Writer and filmmaker KA Abbas called it a “waste of public money”, but the film has now become a bona fide classic.
Pramod Pati's short films date back to the 1960s and ’70s, but they remain strikingly fresh. A festival of Indian animation that is being held in Delhi on December 18-20 will showcase his films This Our India (1961), Trip (1970) and Abid (1970).
Pati was born in 1932. After his graduation from Utkal University in Odisha, he studied cinematography in Bengaluru and then went on to work with the Odisha government between 1952 and 1956. Around this time, Pati was awarded a government fellowship to study puppet animation in Prague, Czechoslovakia. There, he trained under master animator Jiri Trnka. On his return, Pati joined the government-run Films Division in Mumbai as the head of animation.
His contributions on the job included experimenting with the standard format of educational films on such government programmes as family planning and literacy. Pati preferred non-narrative ways of storytelling and mixing Indian and Western influences.
Trip, Violence and Explorer use styles prevalent in the 1960s (such as time-lapse photography), Russian-style montage editing and avant-garde traditions to juxtapose sounds and visuals. In Explorer (1968), Pati assembles a dazzling array of images and sounds, creating a video that is nothing short of a hallucinatory trip.
Film historian Amrit Gangar has said about his work, “He imbues these films with a deep sense of rhythm with his editing technique and sound. In those days, there were no sound designers like today. Pati conceived sound design in a unique manner, the only other example that I find in this realm is Ritwik Ghatak.”
Pati’s playfulness showed up in unexpected places. In Wives and Wives (1962), a man weighs his options for a good housewife at a marriage bureau.

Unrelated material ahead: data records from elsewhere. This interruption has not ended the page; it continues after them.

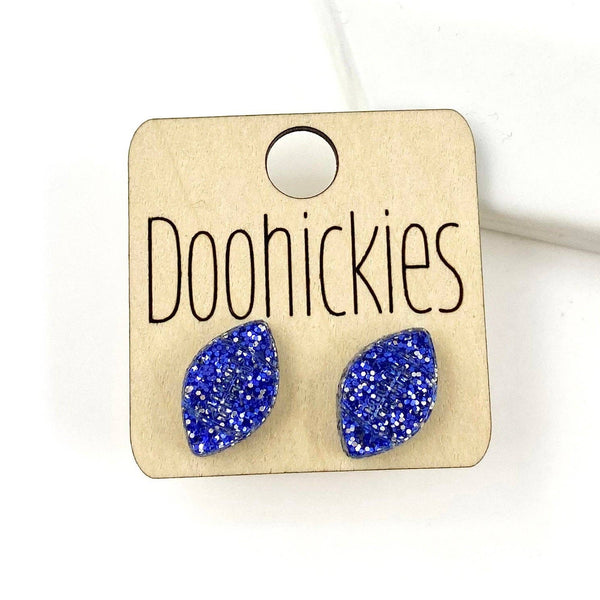 Football Stud Earrings: Maroon Glitter Doohickie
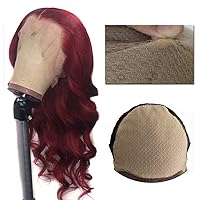 Wig Burgundy 99J Invisible Fake Scalp Cap Lace Front Human Hair Wigs Brazilian Remy Hair Natural Hairline 13x6 Deep Part Body Wave Bleached knots 18 Inch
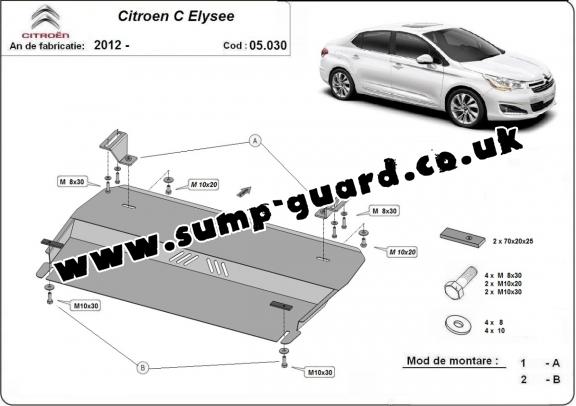 Steel sump guard for the protection of the engine and the gearbox for Citroen C-Elysee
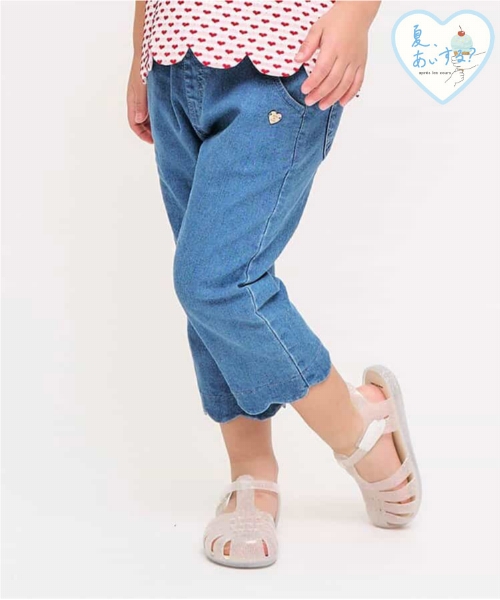 【Cocoa】スカラップリボンベスト&裾スカラップパンツセット(ベージュ) ☆SALE☆ひんやり裾スカラップ/7days Style pants 8分丈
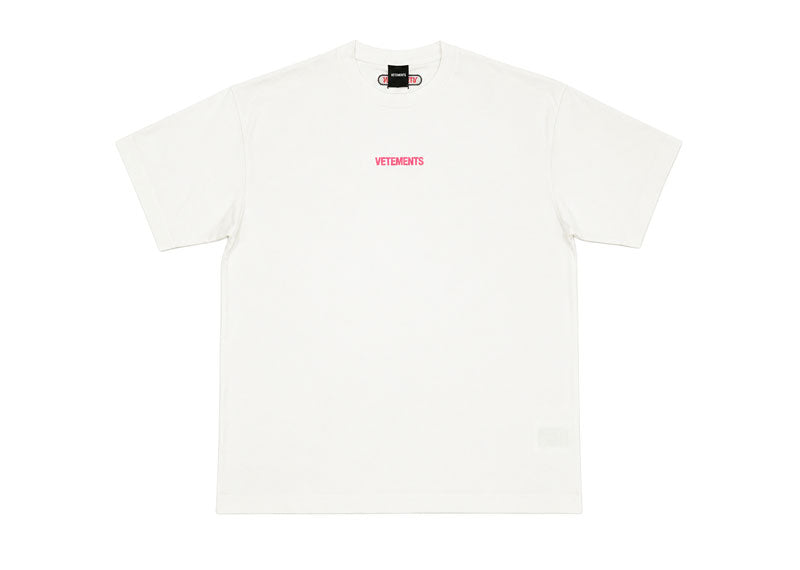 Vetements Small Back Cursive Logo T-Shirt White/Pink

In Abid (1970), Pati collaborated with artist Abid Surti to experiment with the stop-motion technique called pixilation, a technique in which live subjects are made to move like animated figures.
The buzz around the film had everyone talking. Surti said, “It was shot for 20 days, and was the talk of the town, you can say. It had heavy media coverage. So even Satyajit Ray had heard of it, and when he was passing through Bombay, he dropped in just to see what was happening at Films Division.”
The short film Claxplosion (1968) looks at family planning, using clay to symbolically construct a happy life.
Pati died in 1975, leaving behind a legacy that is still being unpacked. “His films seem incongruous for the time it was made; they feel closer to MTV’s graphics than FD’s documentaries,” Surti observed.